Action item
The expected result is an exact restatement of the data, free of pictures.

Given records
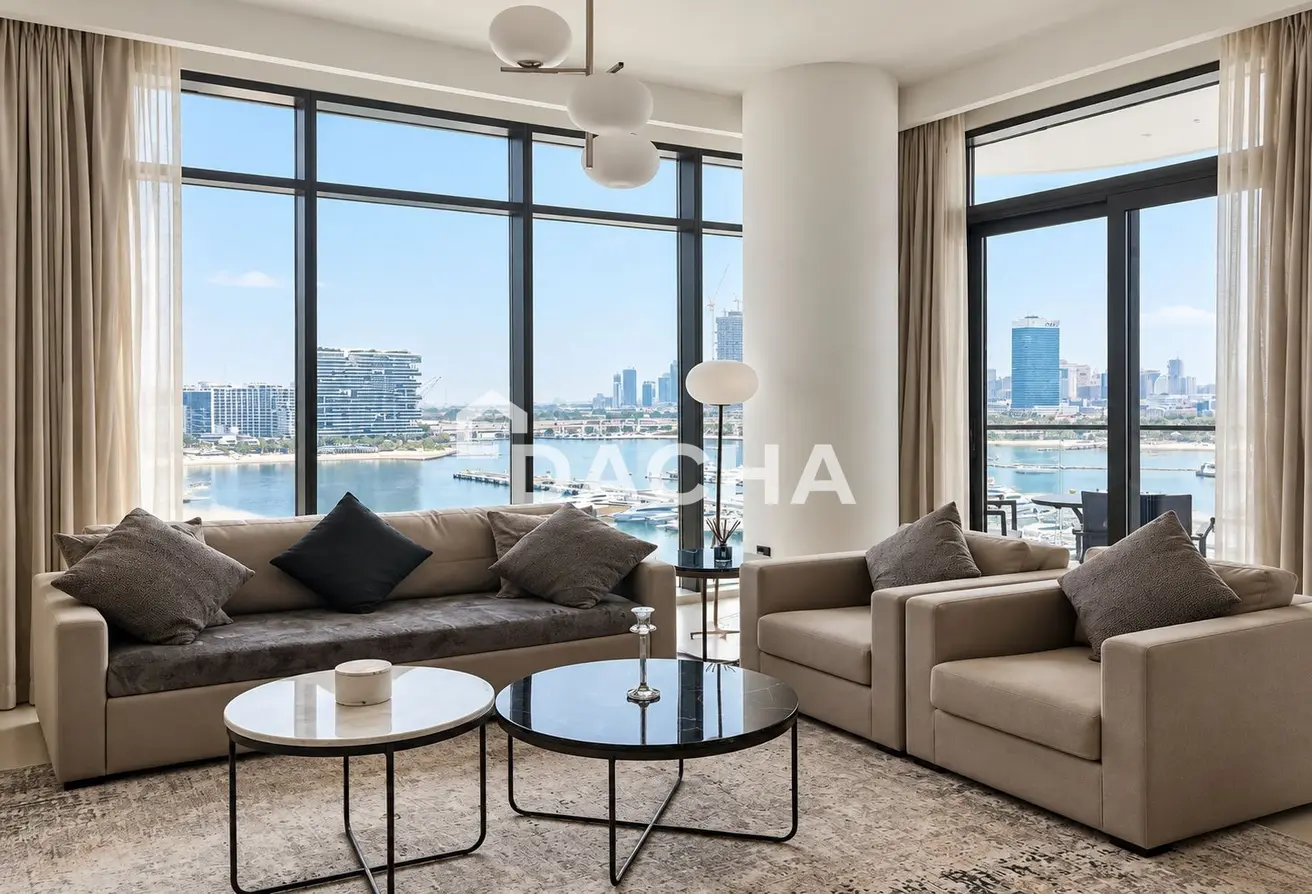 159166076 - Property Main Image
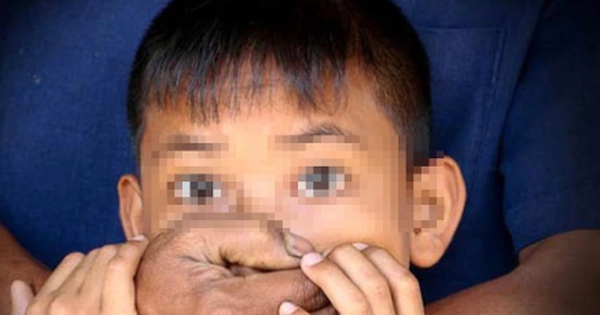 Công an Hà Nội: Thông tin học sinh lớp 6 suýt bị bắt cóc là sai sự thật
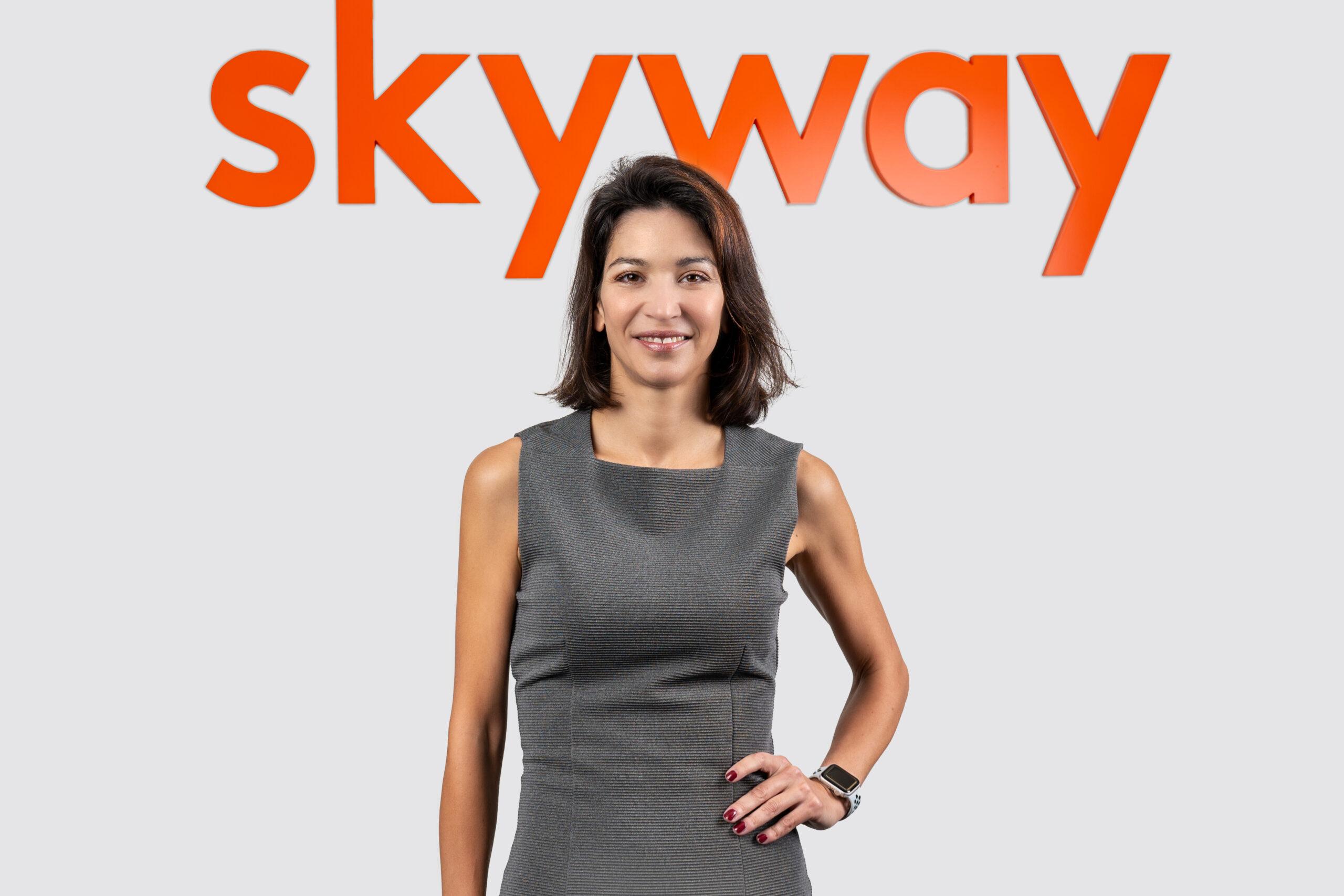 skyway-entrevista-raquel-martínez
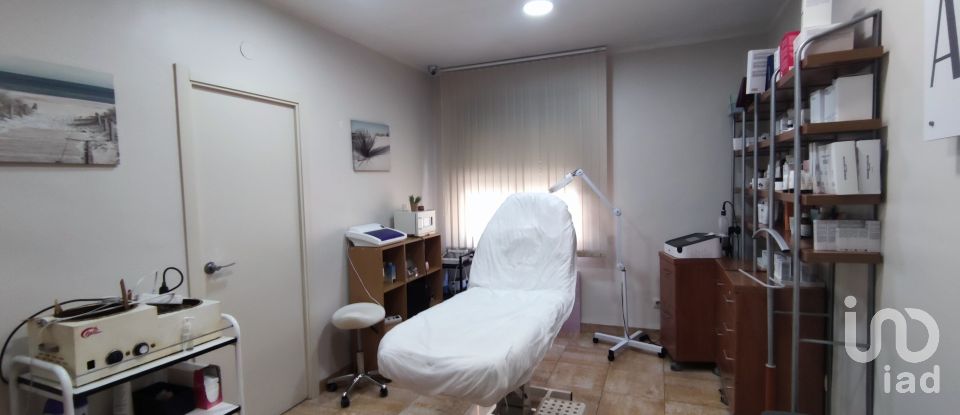 Pis 4 habitacions de 97 m² a Onda (12200)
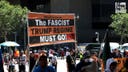 DAVID MARCUS: Rise of Marxism is a Hyrdra Democrats created but can't control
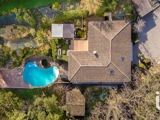 Vente  Maison de 203 m² à La Motte 730 000 euros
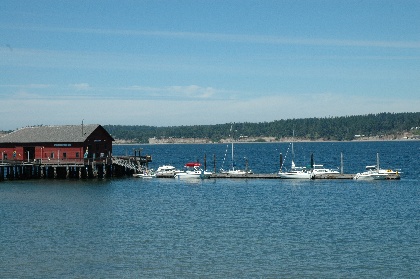04coupeville_wharf_and_dock.jpg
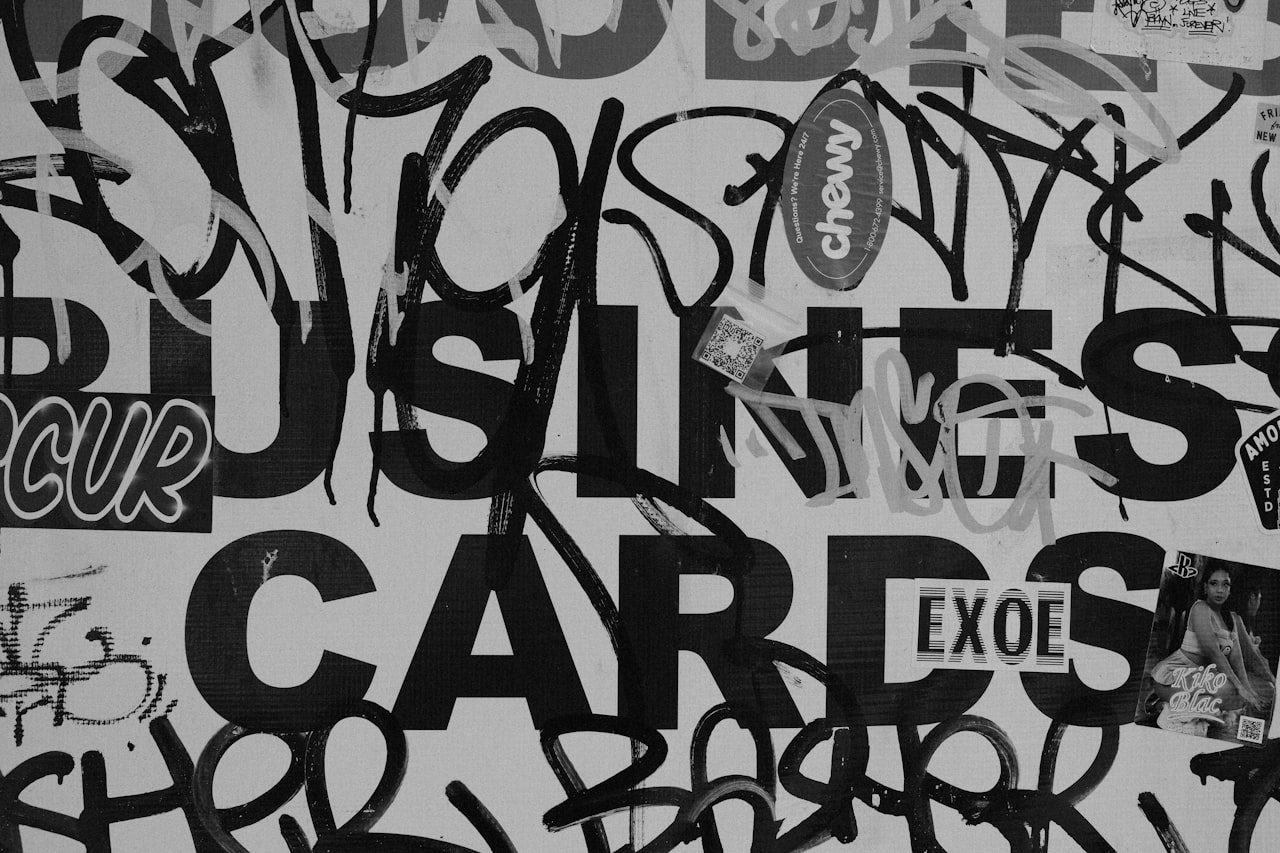 Maximising Your Investment — Motion Graphics for Business: Engage, Explain, and Convert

Exercise result
 159166076 - Property Main Image
 Công an Hà Nội: Thông tin học sinh lớp 6 suýt bị bắt cóc là sai sự thật
 skyway-entrevista-raquel-martínez
 Pis 4 habitacions de 97 m² a Onda (12200)
 DAVID MARCUS: Rise of Marxism is a Hyrdra Democrats created but can't control
 Vente  Maison de 203 m² à La Motte 730 000 euros
04coupeville_wharf_and_dock.jpg
 Maximising Your Investment — Motion Graphics for Business: Engage, Explain, and Convert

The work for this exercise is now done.